The Bush administration has said that India should become “a major world power in the 21st century.” But India is rising
as a great power fast enough—even without the Bush administration’s help in providing it with better conventional and
nuclear weapons. During the last decade, India has experienced phenomenal economic growth that will likely continue well
into the future.
At the same time the Bush administration is pursuing an unofficial policy of “containment” toward China. The United
States has strengthened Cold War-era formal and informal alliances with East Asian countries that ring China—for
example, Japan, Taiwan, and Singapore. It has also transferred military forces to the Asia/Pacific region, and now has
increased military support for India.
Although it was already obvious that any conflict over Taiwan between China and the United States, both with atomic
arsenals, could go nuclear, the jury is still out on how much of a threat China will become. While China has been
increasing defense spending, much of those added expenditures have gone for increases in soldiers’ pay—to keep up with
the rising salaries in the rapidly growing Chinese private sector—rather than advanced weaponry. Furthermore, even the
highest estimates of Chinese defense spending place it many times lower than the U.S. defense budget, which has
undergone phenomenal growth since the last years of the Clinton administration.
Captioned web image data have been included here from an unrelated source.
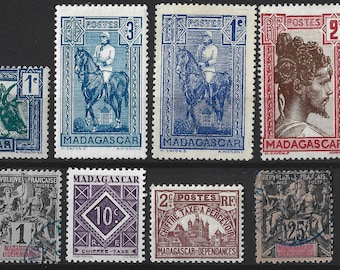 10 timbres-poste de Madagascar des années 1890 et 30. Collection vintage de timbres malgaches. Afrique, africaine. Île.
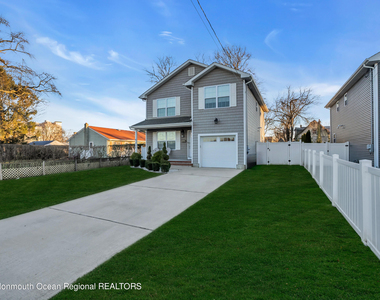 132 Chelton Avenue - Photo Thumbnail 31
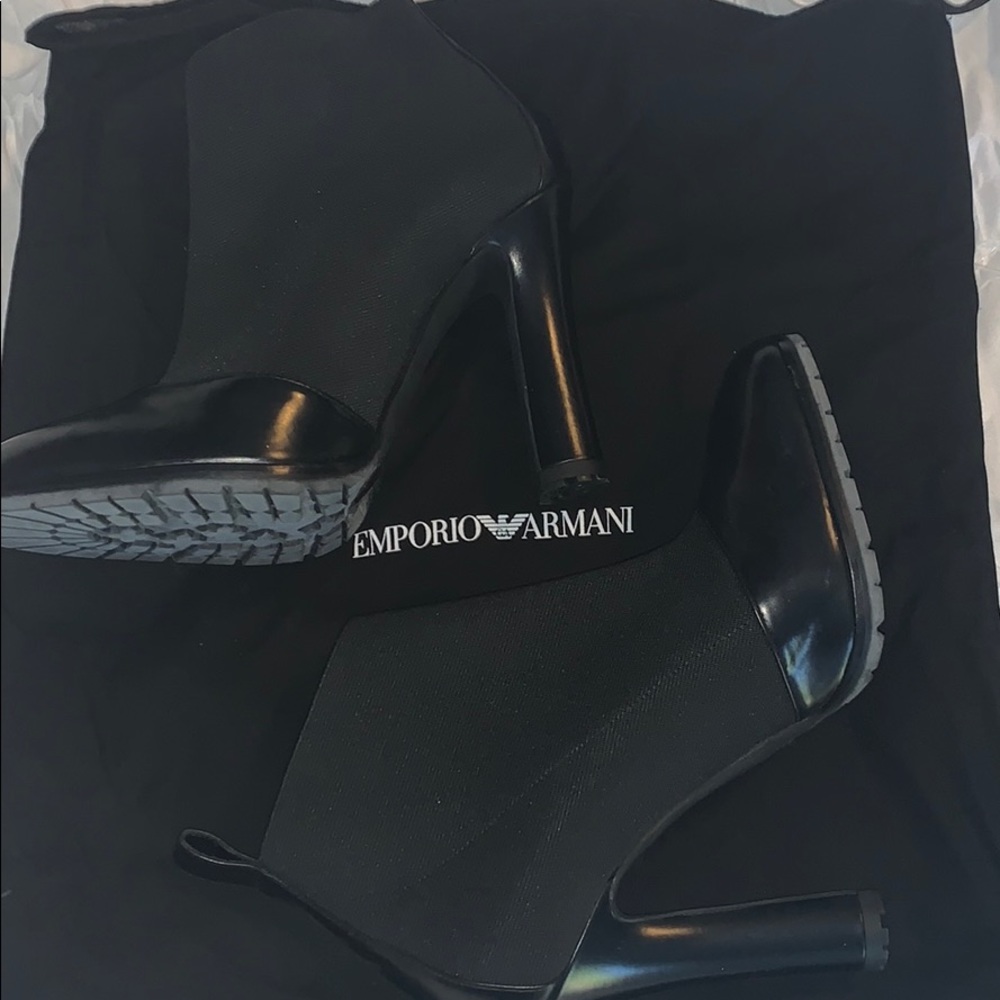 Booties black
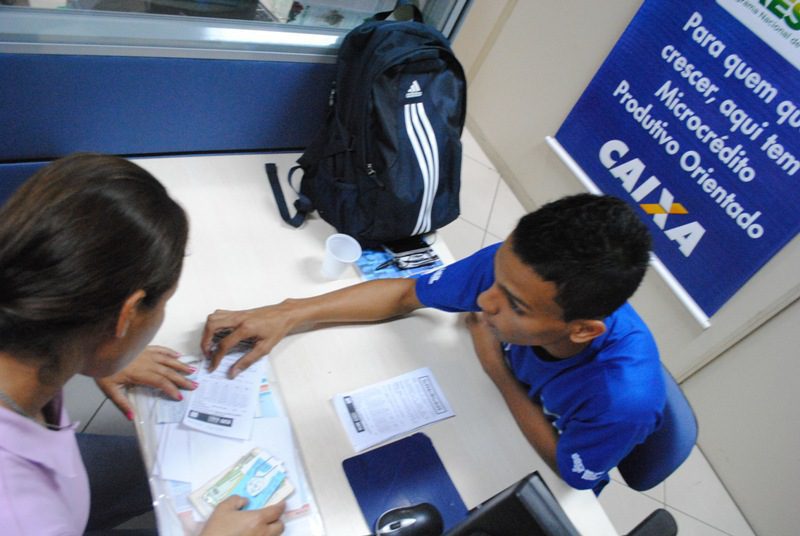 Wanisson Domingos explica à interessada os critérios do microcrédito (Foto: Ascom/Semasc)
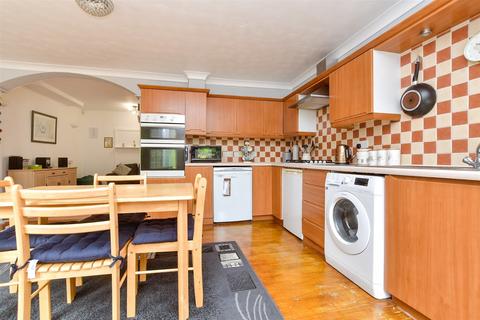 61 Inveresk Gardens, Worcester Park, KT4 7BB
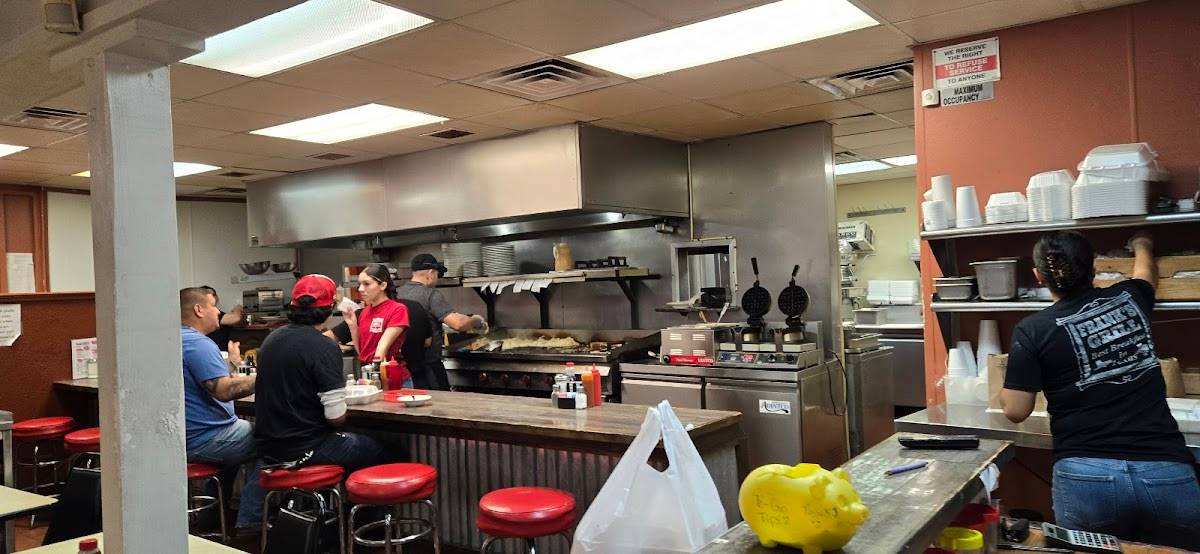 Frank's Grill restaurant in Houston - photo 5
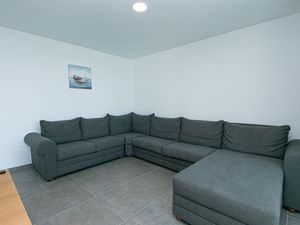 23980620-Ferienwohnung-6-Brela-300x225-2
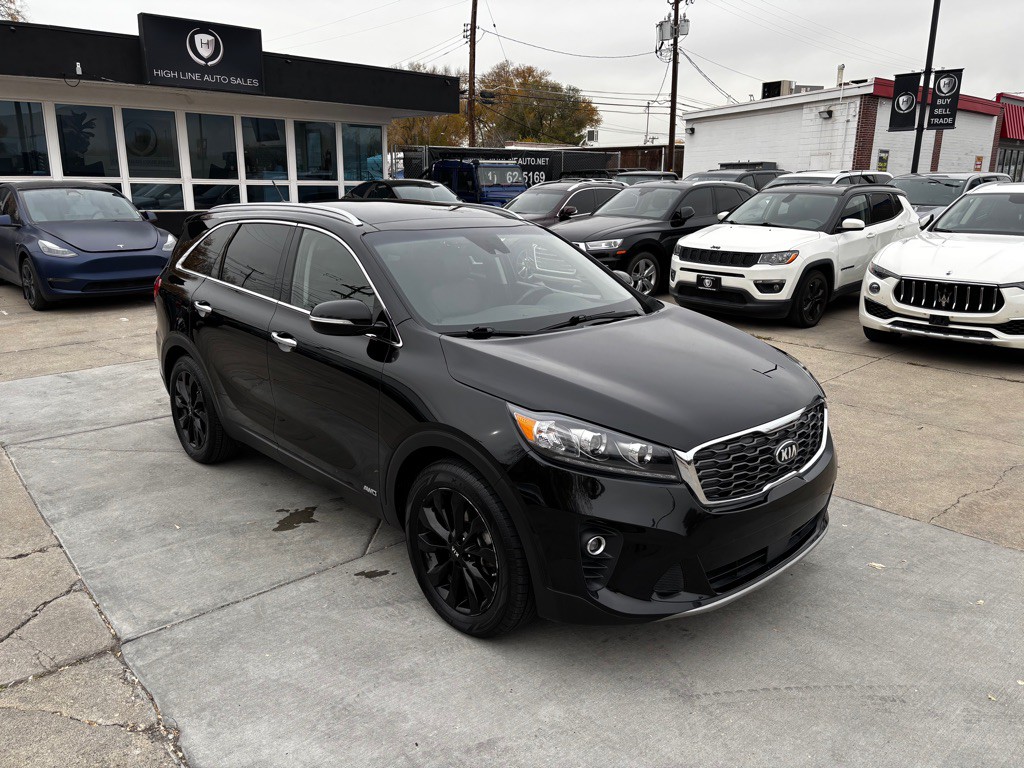 2020 Kia Sorento Image 1
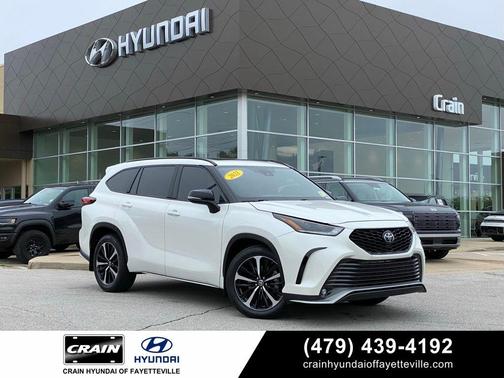 Blizzard Pearl 2021 Toyota Highlander XSE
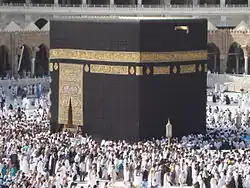 Ka'ba zahalená černým brokátem (kiswa) v době hadždže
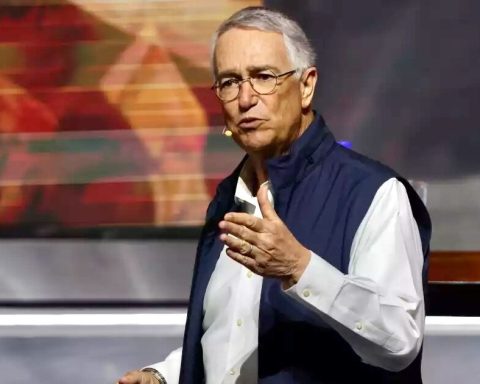 Salinas Pliego agrees to pay his million-dollar debt with the SAT in small installments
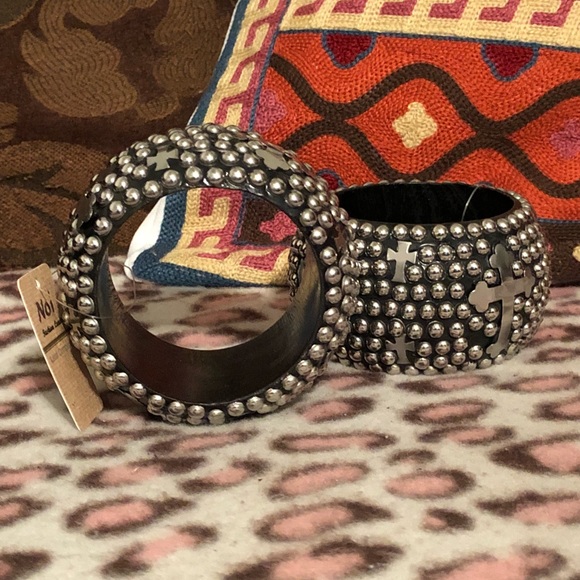 NOI Bracelet NWT (8 each) - Picture 2 of 3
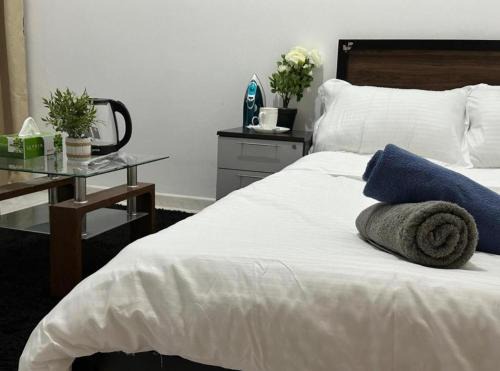 Mussafah Hostel | MBZ - New Fabulous Room in Unique Flat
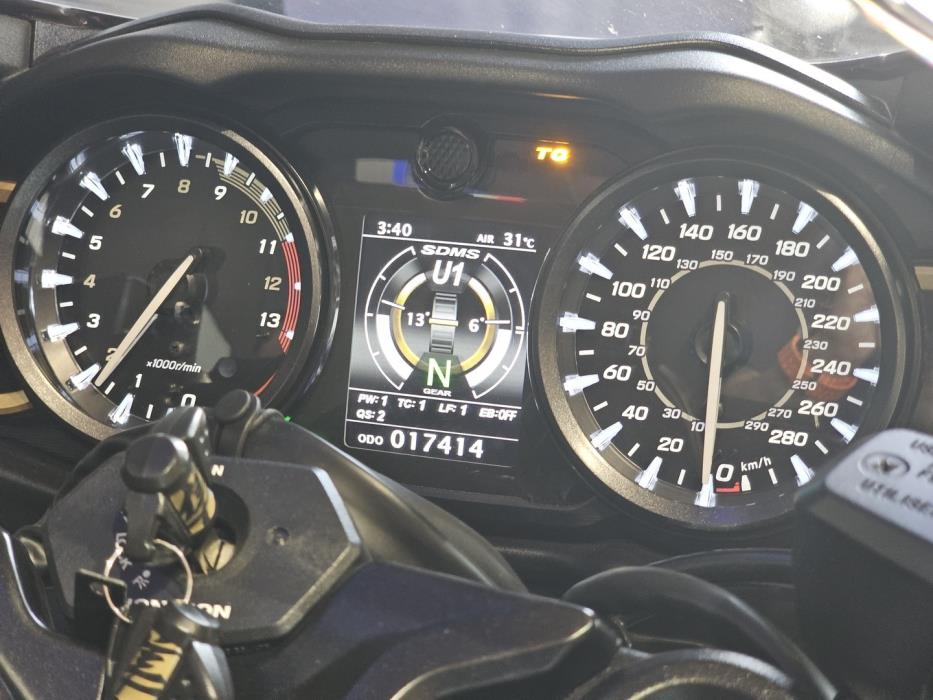 SUZUKI GSX 2023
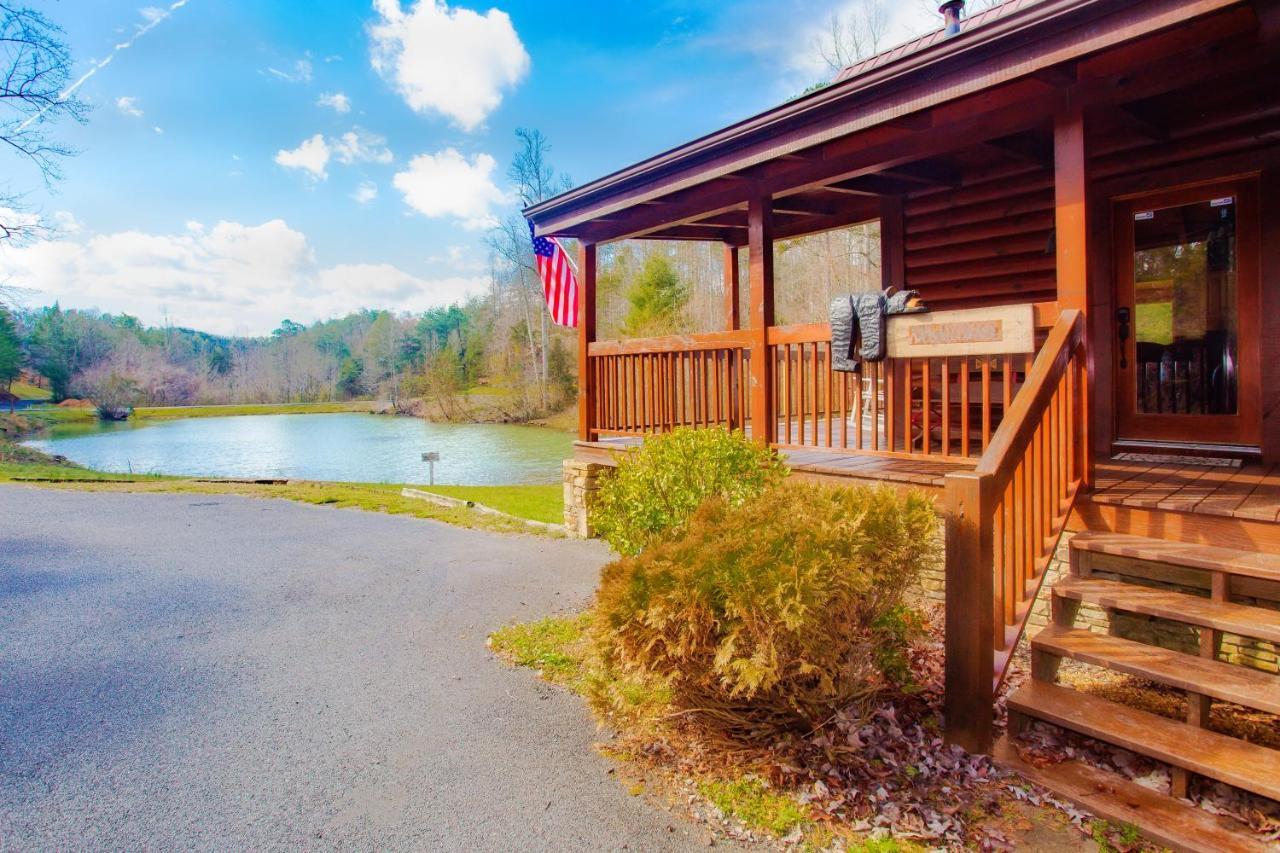 Lazy Bear Lake Sevierville Exterior photo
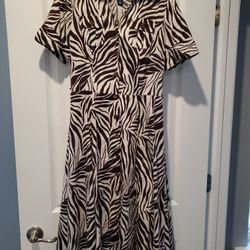 Jones Wear Size 6 Zebra Dress 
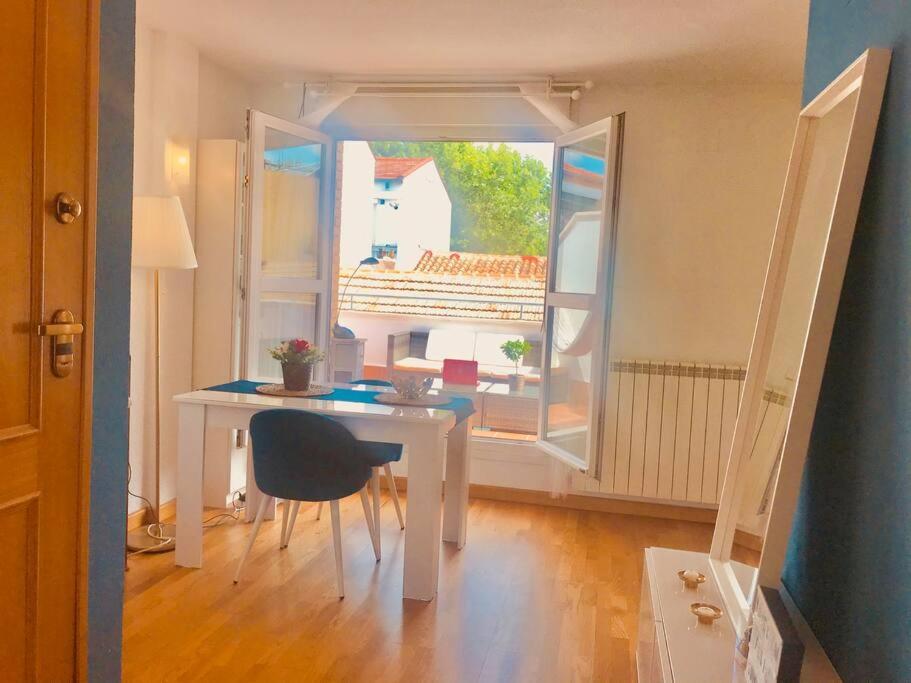 Penthouse Independiente A 3 Paradas En Metro De Atocha Apartment *
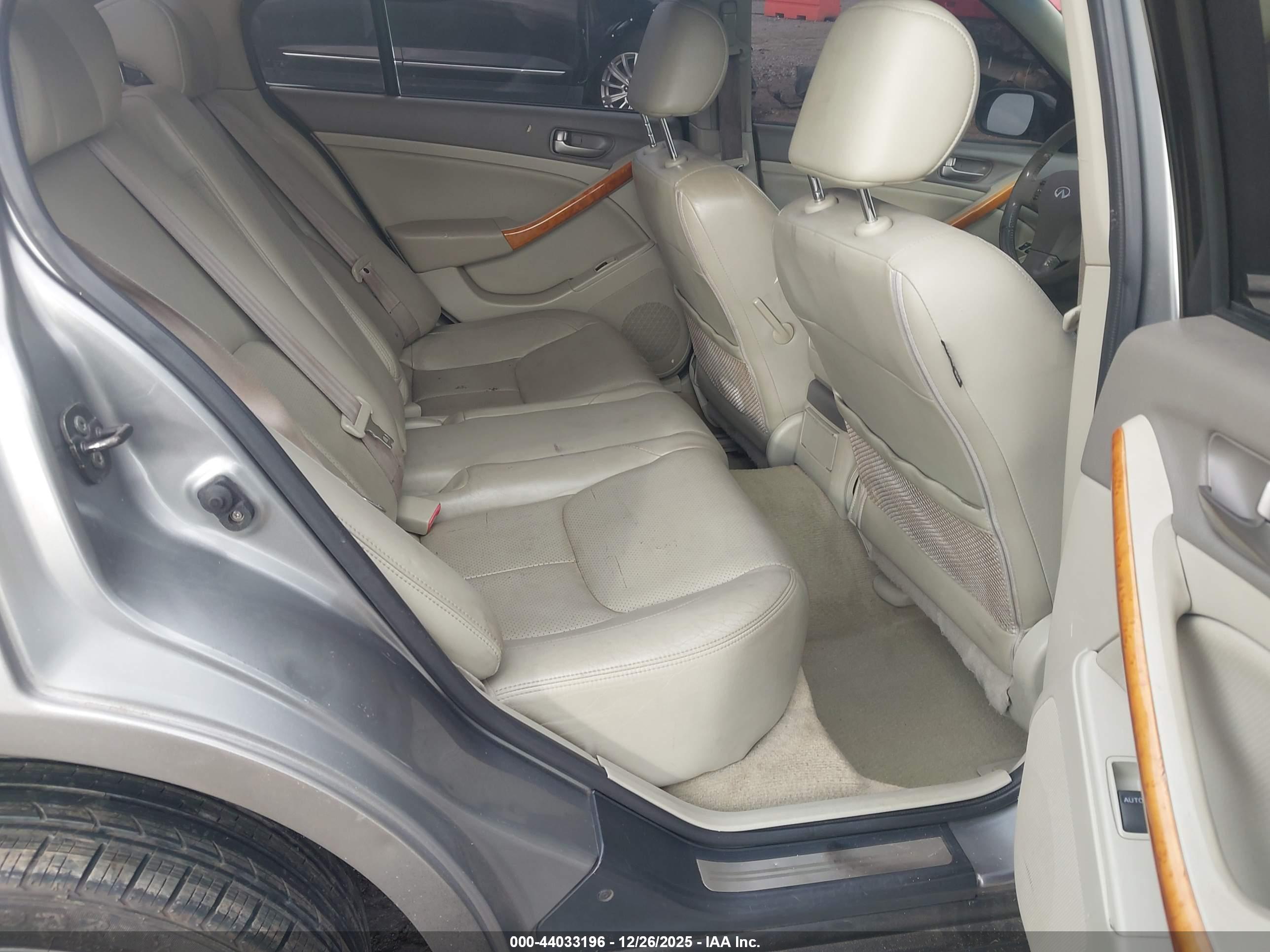 INFINITI G35 image 8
So, although both China and India are rising as great powers, the administration is betting that India will be friendly
to the United States because it is a democracy and that China will be a threat because it is not. That may be a bad bet.
First, China could go down the road of Chile, Taiwan and South Korea by opening its economy first—which it has done—and
becoming more democratic later. Average Chinese citizens are already more free, both economically and politically, than
they have ever been before.
Second, contrary to conventional wisdom, democracies aren’t always friendly to countries with other forms of government
or even to each other. History shows that democracies are just as likely to go to war as more autocratic governments. In
fact, the record of democracies launching wars against non-democracies is abysmal. The British, French, German, and
other European powers’ pursuit of empires during the 18th, 19th and 20th centuries and U.S. wars in the Philippines,
Russia, Latin America, East Asia, and especially the Middle East during the last century are obvious examples.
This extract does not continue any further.